Derrière le pourcentage de votant pour Moncef Marzouki se cachent en grande majorité des supporters d’Ennahdha. Ces pros-Ennahdha représentent en réalité une fracture entre la Tunisie progressiste et moderniste de Bourguiba et la Tunisie conservatrice d'Abdelaziz Thaalbi. Ils incarnent aussi l'expression également des vieilles rancunes des régions laissaient à l'écart pendant plus d'un demi siècle de pouvoirs successifs de Bourguiba à Ben Ali en passant par le parti Destour. En résumé, la Tunisie se partage en deux camps : celui dominé par le parti Nidaa Tounes au nord et dans le Sahel opposé à la suprématie d’Ennahdha dans le sud.

Finalement, ces deux candidats sont assez évocateurs d'une forme de dualité tunisienne qui existe depuis bien longtemps. D'un côté une Tunisie urbanisée, moderne, ouverte et prospère économiquement grâce aux bénéfices tirés de l'ancien régime.
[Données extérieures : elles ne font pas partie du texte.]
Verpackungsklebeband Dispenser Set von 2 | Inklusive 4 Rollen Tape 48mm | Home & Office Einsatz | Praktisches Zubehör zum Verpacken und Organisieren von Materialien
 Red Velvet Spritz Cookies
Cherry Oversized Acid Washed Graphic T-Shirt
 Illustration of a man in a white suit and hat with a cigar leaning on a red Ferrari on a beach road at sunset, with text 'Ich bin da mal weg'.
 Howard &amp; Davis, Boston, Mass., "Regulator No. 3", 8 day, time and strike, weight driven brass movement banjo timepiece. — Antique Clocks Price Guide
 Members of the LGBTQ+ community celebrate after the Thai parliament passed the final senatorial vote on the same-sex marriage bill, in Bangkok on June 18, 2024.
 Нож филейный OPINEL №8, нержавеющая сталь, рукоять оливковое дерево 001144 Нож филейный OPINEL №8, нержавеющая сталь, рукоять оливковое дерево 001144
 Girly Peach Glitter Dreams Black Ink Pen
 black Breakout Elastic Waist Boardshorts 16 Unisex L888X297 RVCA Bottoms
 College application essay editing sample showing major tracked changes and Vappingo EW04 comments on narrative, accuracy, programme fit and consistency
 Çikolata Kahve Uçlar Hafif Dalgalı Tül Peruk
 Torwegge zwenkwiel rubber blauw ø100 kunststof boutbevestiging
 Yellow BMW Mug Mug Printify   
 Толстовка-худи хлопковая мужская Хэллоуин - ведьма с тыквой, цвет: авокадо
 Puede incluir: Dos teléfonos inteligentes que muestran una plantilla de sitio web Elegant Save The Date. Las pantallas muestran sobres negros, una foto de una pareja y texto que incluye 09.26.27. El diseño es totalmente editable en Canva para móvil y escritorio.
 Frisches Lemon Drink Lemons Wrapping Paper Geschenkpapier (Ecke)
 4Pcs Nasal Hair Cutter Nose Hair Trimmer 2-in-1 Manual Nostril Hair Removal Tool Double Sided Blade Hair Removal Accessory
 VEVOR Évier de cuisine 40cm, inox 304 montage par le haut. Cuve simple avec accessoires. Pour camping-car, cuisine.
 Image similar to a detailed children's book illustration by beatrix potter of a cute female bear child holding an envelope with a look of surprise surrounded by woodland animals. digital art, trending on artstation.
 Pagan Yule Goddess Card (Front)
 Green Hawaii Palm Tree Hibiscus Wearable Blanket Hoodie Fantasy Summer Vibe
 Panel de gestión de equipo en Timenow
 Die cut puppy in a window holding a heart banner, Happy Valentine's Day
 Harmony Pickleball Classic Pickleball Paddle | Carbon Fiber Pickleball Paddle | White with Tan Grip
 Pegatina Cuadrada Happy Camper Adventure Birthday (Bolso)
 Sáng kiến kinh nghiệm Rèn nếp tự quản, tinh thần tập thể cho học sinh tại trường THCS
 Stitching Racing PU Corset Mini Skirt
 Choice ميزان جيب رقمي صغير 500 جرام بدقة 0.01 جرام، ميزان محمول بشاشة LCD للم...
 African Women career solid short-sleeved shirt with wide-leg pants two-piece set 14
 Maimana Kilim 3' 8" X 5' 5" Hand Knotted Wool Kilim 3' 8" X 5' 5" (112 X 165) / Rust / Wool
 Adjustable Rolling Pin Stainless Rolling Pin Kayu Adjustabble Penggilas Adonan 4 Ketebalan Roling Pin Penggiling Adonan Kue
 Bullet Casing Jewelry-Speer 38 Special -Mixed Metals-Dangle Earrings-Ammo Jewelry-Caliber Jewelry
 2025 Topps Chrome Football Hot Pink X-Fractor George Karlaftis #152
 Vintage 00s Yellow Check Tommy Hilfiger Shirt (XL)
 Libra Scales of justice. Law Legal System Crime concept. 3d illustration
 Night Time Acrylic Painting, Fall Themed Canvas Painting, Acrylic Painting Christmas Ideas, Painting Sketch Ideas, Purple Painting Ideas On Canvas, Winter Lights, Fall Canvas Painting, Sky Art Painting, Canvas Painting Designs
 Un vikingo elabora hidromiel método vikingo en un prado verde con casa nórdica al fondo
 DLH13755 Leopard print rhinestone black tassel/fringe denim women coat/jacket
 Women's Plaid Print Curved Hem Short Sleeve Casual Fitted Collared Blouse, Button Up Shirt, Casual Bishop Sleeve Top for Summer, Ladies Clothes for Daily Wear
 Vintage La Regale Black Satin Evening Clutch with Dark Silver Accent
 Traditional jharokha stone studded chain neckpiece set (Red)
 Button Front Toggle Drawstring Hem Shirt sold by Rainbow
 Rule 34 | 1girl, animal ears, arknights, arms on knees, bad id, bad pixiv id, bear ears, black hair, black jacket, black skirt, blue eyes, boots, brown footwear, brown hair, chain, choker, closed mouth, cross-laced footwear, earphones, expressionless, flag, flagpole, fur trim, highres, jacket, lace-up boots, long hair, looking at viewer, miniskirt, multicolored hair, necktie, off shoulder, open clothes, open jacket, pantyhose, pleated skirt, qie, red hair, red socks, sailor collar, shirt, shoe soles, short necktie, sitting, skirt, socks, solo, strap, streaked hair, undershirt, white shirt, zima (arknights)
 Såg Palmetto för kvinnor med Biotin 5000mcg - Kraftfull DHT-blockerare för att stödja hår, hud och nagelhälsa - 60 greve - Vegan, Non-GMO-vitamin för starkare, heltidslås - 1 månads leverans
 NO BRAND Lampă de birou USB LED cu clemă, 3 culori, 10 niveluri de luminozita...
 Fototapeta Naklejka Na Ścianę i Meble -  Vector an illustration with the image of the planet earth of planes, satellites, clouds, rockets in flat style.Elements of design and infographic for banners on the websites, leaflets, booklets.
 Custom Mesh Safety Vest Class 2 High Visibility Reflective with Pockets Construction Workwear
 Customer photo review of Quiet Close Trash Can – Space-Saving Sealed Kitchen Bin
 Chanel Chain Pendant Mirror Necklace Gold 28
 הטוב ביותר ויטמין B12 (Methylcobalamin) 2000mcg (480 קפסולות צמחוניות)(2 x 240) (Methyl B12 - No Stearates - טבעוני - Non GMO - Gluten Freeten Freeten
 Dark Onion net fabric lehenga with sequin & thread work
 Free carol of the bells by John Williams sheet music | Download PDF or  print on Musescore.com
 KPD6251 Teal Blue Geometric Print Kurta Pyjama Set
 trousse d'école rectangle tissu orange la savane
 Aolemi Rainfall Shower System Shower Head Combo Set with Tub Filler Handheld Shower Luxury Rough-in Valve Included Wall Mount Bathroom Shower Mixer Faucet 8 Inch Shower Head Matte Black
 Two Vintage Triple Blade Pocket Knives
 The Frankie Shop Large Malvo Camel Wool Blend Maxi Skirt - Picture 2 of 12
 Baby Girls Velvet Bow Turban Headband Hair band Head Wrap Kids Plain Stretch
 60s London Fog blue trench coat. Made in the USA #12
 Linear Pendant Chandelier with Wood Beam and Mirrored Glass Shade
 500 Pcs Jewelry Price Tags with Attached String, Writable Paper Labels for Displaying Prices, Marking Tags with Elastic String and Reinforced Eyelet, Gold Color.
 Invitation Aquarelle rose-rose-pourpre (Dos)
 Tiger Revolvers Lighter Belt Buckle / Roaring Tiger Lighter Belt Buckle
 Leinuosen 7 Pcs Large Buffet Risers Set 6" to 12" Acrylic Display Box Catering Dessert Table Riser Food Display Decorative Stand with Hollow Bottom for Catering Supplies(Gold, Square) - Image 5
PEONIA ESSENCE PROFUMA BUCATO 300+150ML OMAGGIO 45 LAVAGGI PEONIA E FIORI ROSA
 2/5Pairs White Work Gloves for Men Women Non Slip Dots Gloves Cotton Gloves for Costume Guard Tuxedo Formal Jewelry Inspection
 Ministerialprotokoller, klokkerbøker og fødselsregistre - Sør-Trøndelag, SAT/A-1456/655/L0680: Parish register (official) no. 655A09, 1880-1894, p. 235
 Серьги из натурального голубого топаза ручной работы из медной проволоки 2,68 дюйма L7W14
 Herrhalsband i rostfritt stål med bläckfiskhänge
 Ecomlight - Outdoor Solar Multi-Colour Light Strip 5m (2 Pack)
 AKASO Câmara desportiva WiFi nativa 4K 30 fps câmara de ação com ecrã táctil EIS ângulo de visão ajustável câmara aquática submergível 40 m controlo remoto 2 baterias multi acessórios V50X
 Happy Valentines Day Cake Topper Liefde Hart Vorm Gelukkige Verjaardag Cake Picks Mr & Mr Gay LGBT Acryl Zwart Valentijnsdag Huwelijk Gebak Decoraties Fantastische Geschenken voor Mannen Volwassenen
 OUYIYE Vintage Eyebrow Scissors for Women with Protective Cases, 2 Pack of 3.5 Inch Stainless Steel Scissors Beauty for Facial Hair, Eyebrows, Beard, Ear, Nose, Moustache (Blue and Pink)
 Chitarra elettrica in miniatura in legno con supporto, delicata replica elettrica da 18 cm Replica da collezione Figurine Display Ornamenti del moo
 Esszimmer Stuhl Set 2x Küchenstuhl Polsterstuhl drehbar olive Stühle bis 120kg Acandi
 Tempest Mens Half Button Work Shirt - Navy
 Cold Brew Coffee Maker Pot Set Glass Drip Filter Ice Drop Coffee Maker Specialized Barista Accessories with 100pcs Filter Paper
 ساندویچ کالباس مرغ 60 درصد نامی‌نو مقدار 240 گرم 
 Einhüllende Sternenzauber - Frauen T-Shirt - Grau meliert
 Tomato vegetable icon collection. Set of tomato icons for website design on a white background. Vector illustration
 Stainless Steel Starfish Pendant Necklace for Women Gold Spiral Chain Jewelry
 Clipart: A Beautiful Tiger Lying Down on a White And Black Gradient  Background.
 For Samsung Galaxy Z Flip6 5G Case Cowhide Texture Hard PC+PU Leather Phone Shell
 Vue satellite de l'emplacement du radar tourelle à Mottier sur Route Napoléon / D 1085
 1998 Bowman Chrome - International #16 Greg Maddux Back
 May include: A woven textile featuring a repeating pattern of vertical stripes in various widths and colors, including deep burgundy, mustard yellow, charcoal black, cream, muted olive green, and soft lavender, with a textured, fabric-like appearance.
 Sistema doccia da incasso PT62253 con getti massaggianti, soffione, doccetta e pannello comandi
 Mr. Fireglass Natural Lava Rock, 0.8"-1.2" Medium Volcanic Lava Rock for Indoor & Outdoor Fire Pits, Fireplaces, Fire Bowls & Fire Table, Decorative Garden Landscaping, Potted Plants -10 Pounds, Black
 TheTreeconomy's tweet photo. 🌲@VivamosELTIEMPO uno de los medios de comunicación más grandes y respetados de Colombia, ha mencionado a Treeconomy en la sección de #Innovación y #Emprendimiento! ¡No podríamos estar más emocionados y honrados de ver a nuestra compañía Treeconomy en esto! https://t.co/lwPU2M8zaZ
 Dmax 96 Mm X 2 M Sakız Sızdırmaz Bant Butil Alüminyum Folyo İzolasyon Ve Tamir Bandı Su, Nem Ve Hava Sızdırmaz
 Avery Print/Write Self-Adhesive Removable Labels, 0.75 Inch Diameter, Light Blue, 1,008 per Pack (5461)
Et de l'autre, la Tunisie des champs, traditionnelle, conservatrice et rurale. Pauvre et marginalisée, cette Tunisie là n'a pas profité des richesses du pays, déconsidérée par les régimes de Ben Ali et de Bourguiba. Elle se retrouve donc plus facilement encline à aller vers des mouvements tels qu'Ennahdha, qui profitent de cette fragilité pour installer leur domination.